For substitutions, cornstarch is roughly twice as powerful a thickener as all-purpose flour, so use one tablespoon of cornstarch for every two tablespoons of flour the recipe calls for, and add it as a slurry mixed with cold water rather than as a roux. Arrowroot powder substitutes nearly one-to-one and holds up better in acidic fillings (lemon, rhubarb, cranberry), where cornstarch tends to thin out, but arrowroot turns slimy if you whisk it after it has set. Tapioca starch also goes one-to-one and produces a glossier finish well suited to clear fruit glazes. Potato starch works in equal measure but loses its thickening power with prolonged heat, so add it at the end. One last clarification for international cooks: UK "corn flour" is exactly this same product, but American "corn flour" is finely milled cornmeal and will not thicken anything.

Frequently asked questions

How many grams are in 1 US cup of cornstarch?

1 US cup of cornstarch equals 128 grams, computed using a density of 0.533 grams per milliliter sourced from King Arthur Baking Company ingredient weight chart.

Why does a generic converter give a different answer?

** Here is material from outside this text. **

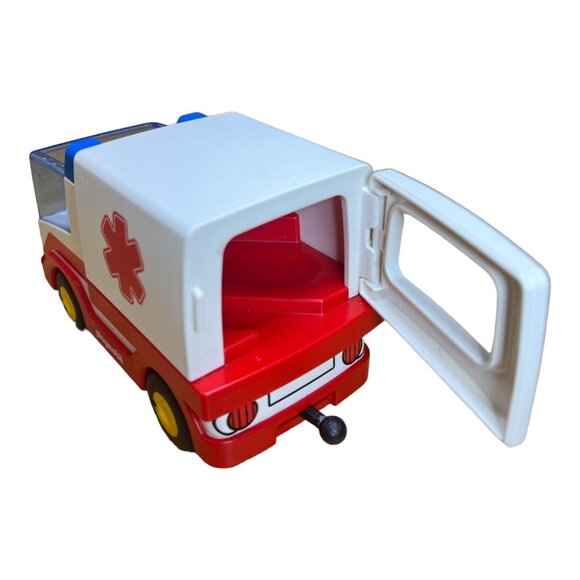 Vintage 1990's Playmobil 4 Figures Firemen First Aid & Customs Boat Ambulance - Picture 8 of 12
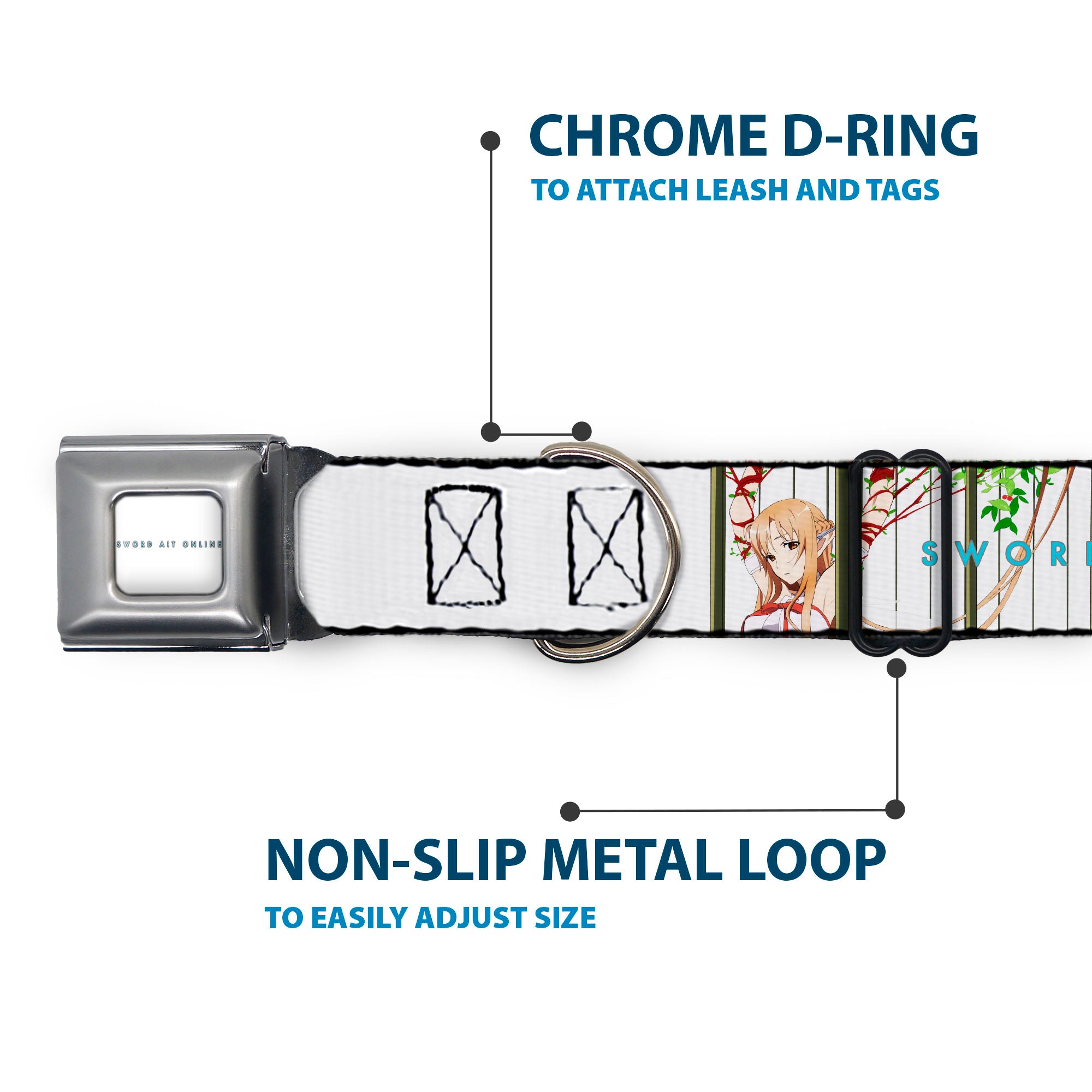 SWORD ART ONLINE Title Logo Full Color White/Blue Seatbelt Buckle Collar - SWORD ART ONLINE Asuna Cage Trap Pose and Title Logo White Seatbelt Buckle Collars Sword Art Online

Generic converters assume one milliliter equals one gram, which is true only for water. Cornstarch has its own density. Using the correct density gives ingredient-specific accuracy that matters in baking.

Does the cup size matter for cornstarch?

Yes. A US legal cup is 240 ml, a US customary cup is 236.59 ml, a UK metric cup is 250 ml, an Australian cup is 250 ml (with a 20 ml tablespoon), and a Japanese cup is 200 ml. The conversion table on this page shows the answer for each system.